==== Data provided ====
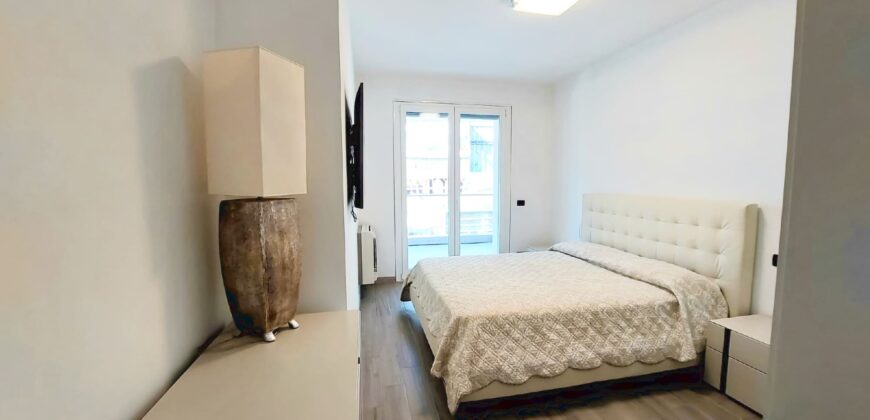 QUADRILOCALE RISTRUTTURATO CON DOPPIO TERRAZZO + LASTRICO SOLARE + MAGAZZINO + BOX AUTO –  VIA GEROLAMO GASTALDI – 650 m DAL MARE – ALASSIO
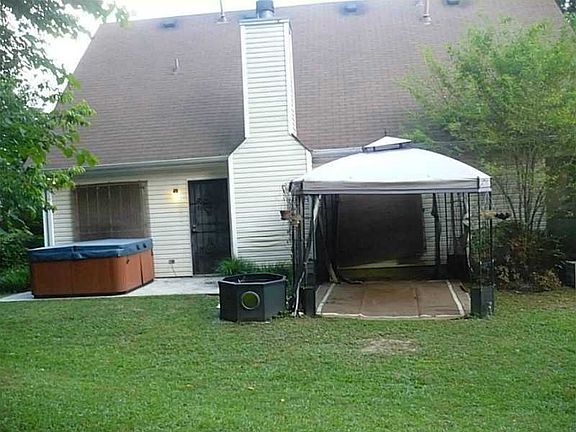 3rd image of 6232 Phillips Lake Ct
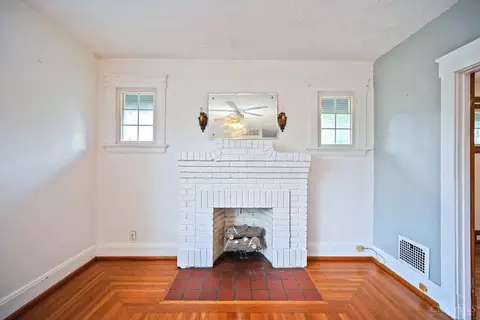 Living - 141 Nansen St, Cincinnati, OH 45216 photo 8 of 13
====
Set the material down exactly, images excluded.

 QUADRILOCALE RISTRUTTURATO CON DOPPIO TERRAZZO + LASTRICO SOLARE + MAGAZZINO + BOX AUTO –  VIA GEROLAMO GASTALDI – 650 m DAL MARE – ALASSIO
 3rd image of 6232 Phillips Lake Ct
 Living - 141 Nansen St, Cincinnati, OH 45216 photo 8 of 13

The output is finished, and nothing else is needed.